## Problem to work on
Under this line are records; the part from the line containing "Image 21 of 39 For 155 Highbanks Road" through the line containing "ARGOLA LEQUE - BANHADO A PRATA 18K" should be repeated exactly. Please exclude pictures.

START Records

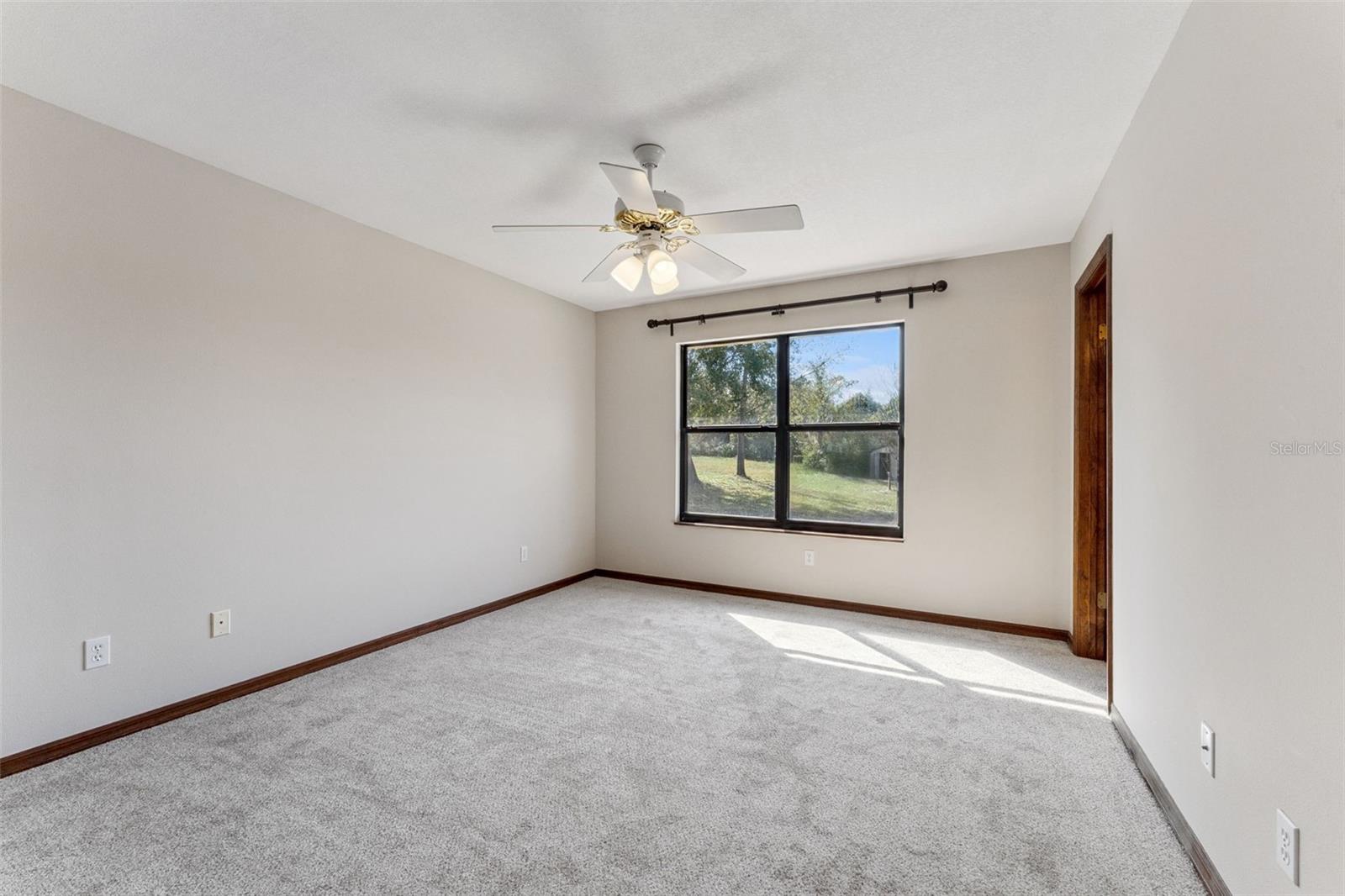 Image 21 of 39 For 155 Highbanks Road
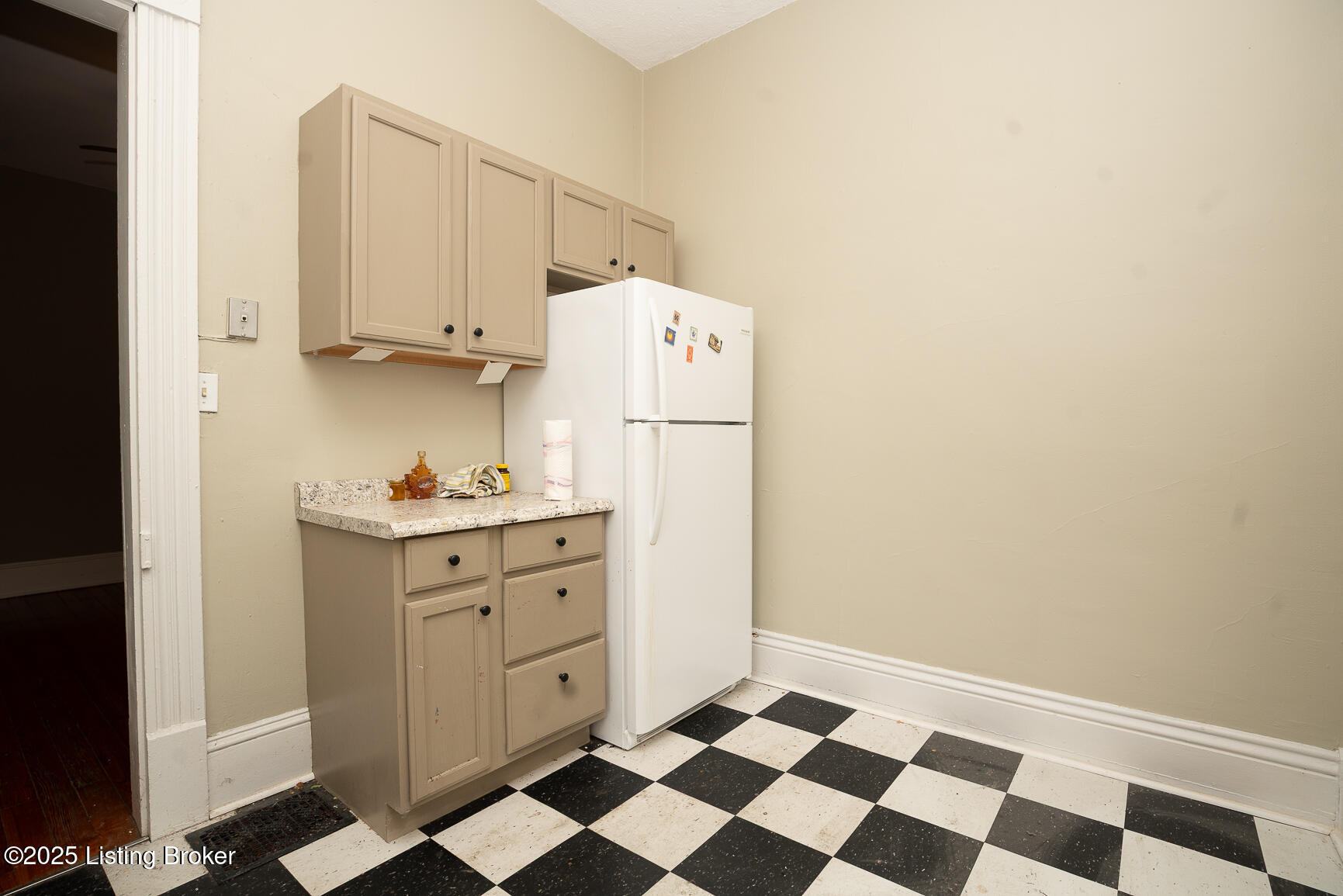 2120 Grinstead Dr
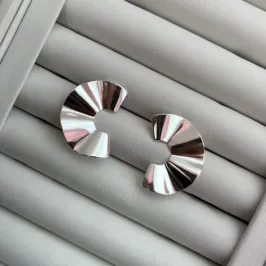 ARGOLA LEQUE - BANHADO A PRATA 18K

END Records
START Records

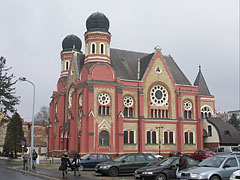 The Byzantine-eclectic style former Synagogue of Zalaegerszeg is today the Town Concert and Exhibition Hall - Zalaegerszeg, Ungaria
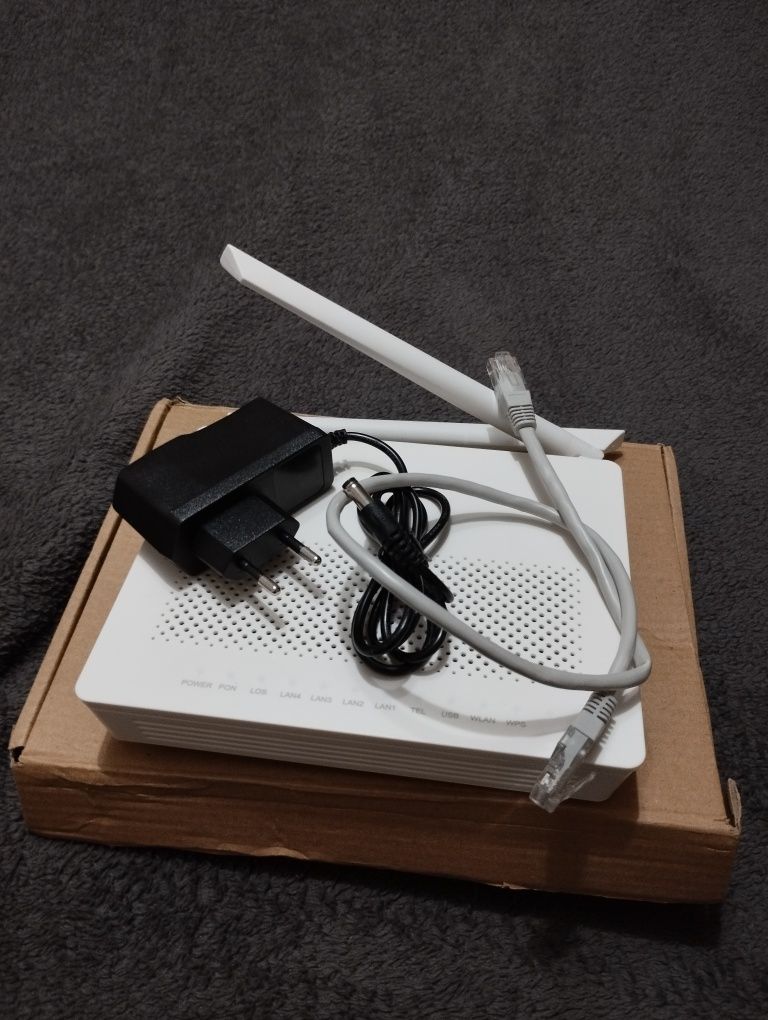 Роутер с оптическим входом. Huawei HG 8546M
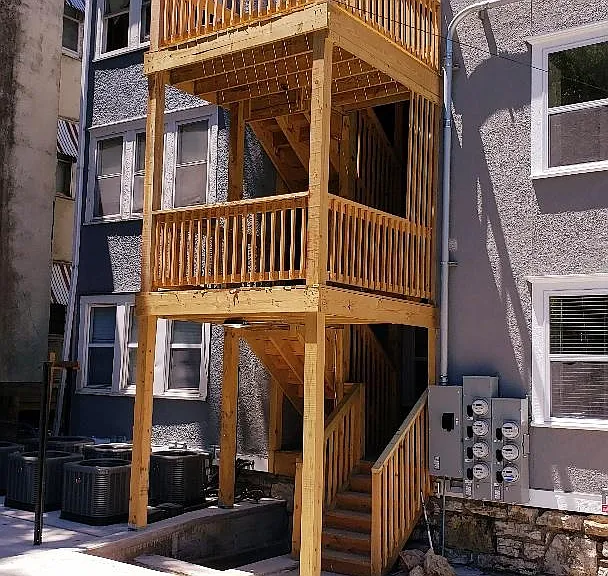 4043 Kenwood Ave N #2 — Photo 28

END Records

## Answer section
 Image 21 of 39 For 155 Highbanks Road
 2120 Grinstead Dr
 ARGOLA LEQUE - BANHADO A PRATA 18K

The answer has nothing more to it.